- _ACTION ITEM_:
Word for word, copy the listing below and leave out its images.

** Opening SOURCE DATA block **

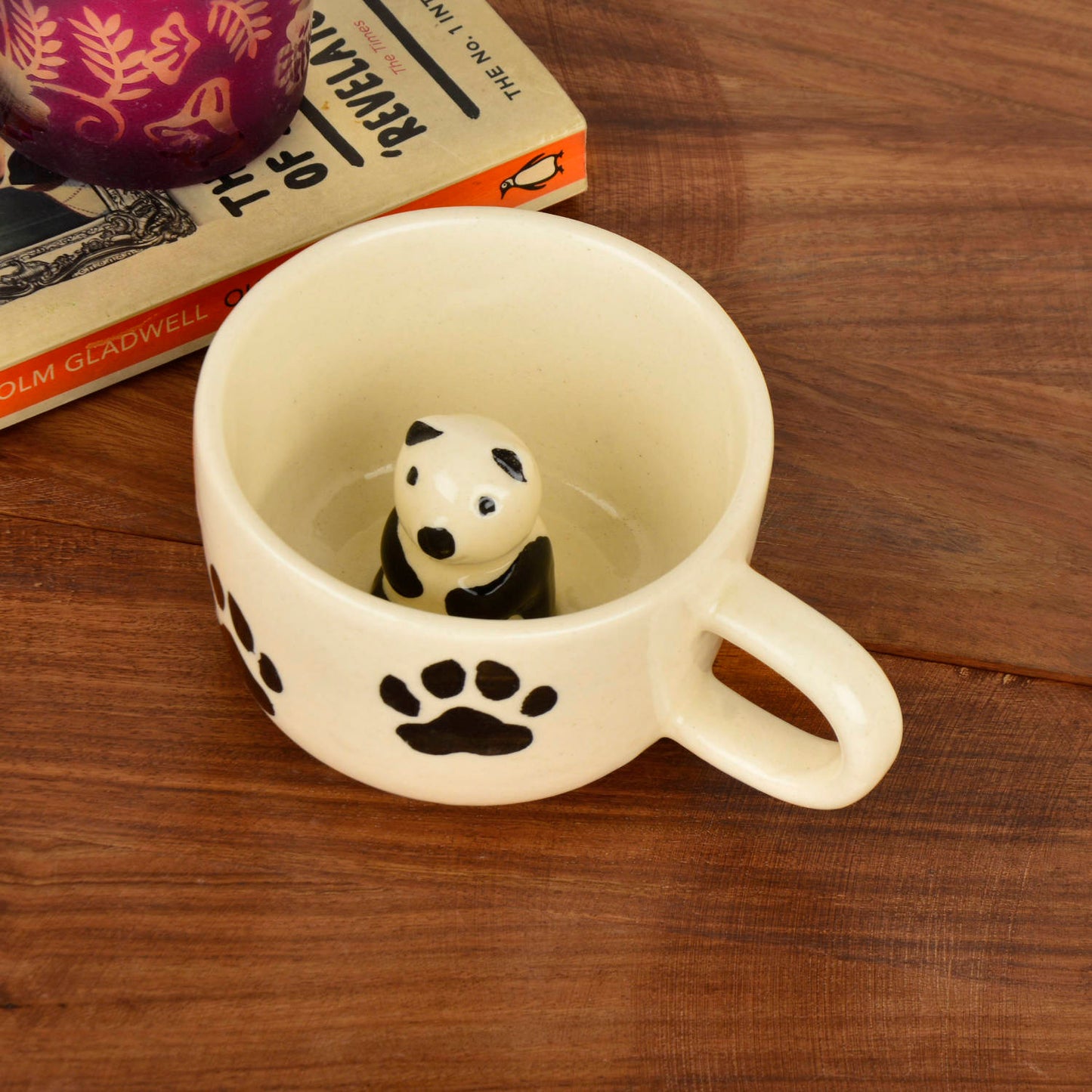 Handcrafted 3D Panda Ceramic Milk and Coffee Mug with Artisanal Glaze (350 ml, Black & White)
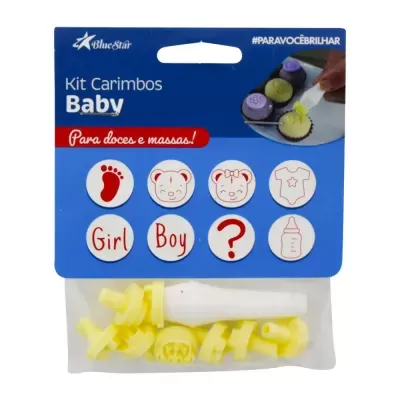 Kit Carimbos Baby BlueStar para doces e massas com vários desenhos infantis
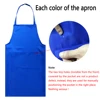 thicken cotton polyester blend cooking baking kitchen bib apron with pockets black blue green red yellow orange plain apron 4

** Closing SOURCE DATA block **

- _THE ANSWER_:
 Handcrafted 3D Panda Ceramic Milk and Coffee Mug with Artisanal Glaze (350 ml, Black & White)
 Kit Carimbos Baby BlueStar para doces e massas com vários desenhos infantis
 thicken cotton polyester blend cooking baking kitchen bib apron with pockets black blue green red yellow orange plain apron 4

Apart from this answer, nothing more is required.